Gross and federal researchers have found sexual abnormalities in carp, bass and the endangered razorback sucker. The problems are higher in Las Vegas Bay, at the confluence with the wash, than elsewhere in Lake Mead.

Studies documenting sexual abnormalities in fish in the Potomac River -- source of drinking water for millions of people in the Washington, D.C., area -- raised similar concerns in September. Water officials there said the studies showed no evidence that drinking water was unsafe, but the studies did not answer the question of potential effects to human health.

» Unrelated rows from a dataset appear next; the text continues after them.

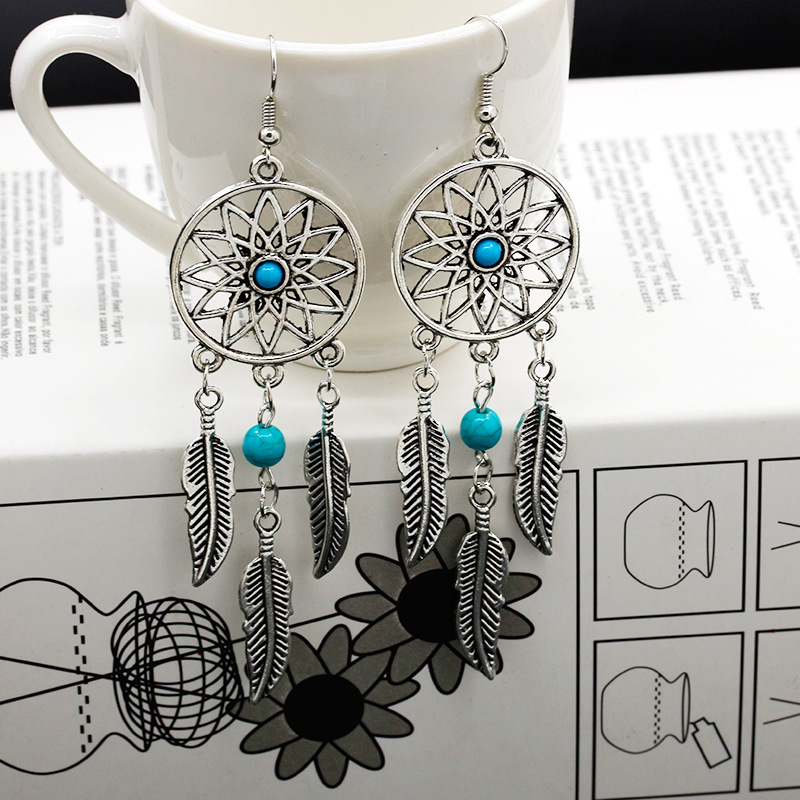 dream catcher Feather Earrings, Dream Net Earrings, trendy new style, wish Best-selling hollowed-out earrings for women Application Scenario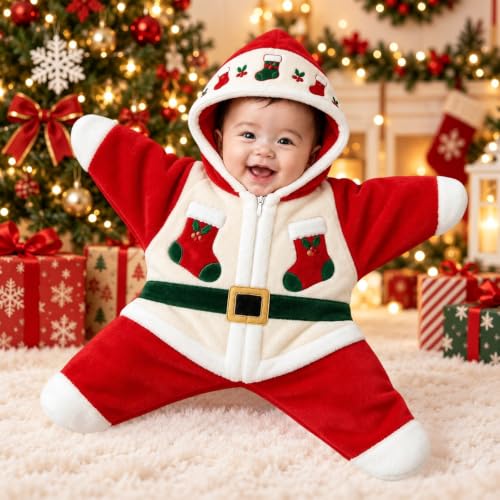 Starfish Baby Outfit Christmas Newborn Hooded Fleece Star Jumpsuit 3 Months - image 4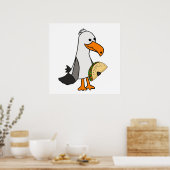 Funny Seagull Bird eet Taco Cartoon Poster (Keuken)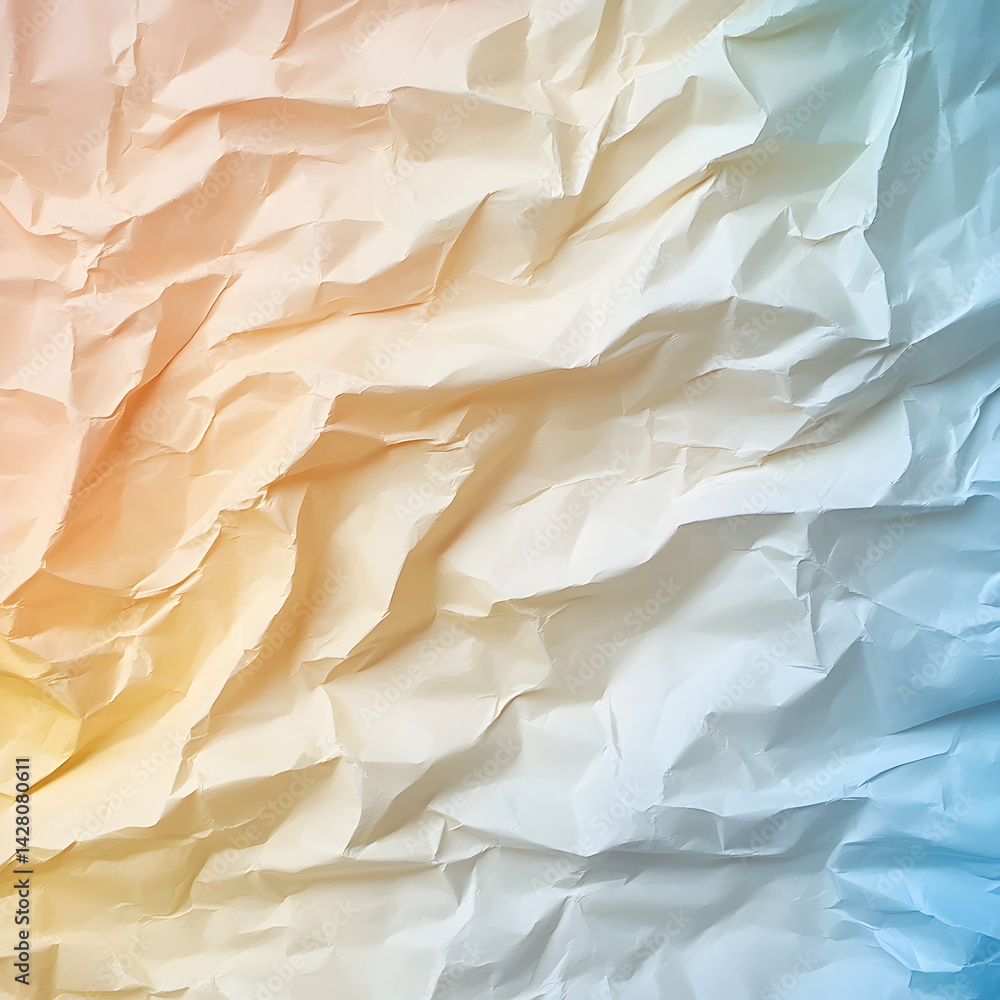 Poster wrinkled paper texture: an abstract image of a crumpled paper, featuring a spectrum of gradients fro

Southern Nevada Water Authority officials maintain that while chemicals from the waste stream flowing through the sewers and Las Vegas Wash to the lake could affect fish and the environment, drinking water drawn from the lake is sufficiently treated to eliminate any significant threat to human health.

Shane Snyder, the authority's principal researcher on the issue, said at an Oct. 19 conference of the American Society of Mechanical Engineers that people are exposed to far higher levels of most hormone-disrupting chemicals in the environment than from treated drinking water.

He asked rhetorically whether it was good policy to spend "trillions of dollars" removing hormone-disrupting chemicals from water when such chemicals are present in far larger amounts in the environment.

Snyder said the central question of the "toxicological relevance" of chemicals in tiny quantities -- amounts that were undetectable just a few years ago -- has yet to be answered.

J.C. Davis, Water Authority spokesman, noted that in Lake Mead the quantities are minuscule -- in the parts per trillion, a grain of salt in a swimming pool. Treatment processes further degrade, destroy and dilute these chemical compounds in drinking water.

"Eventually the analytical ability outpaces the health effects," Davis said. "The question is, at what concentration are these relevant and you have to do something about them?"

He said Snyder will join federal and local researchers in trying to find those answers.

"People in the water industry want to know the answers to the questions we are asking."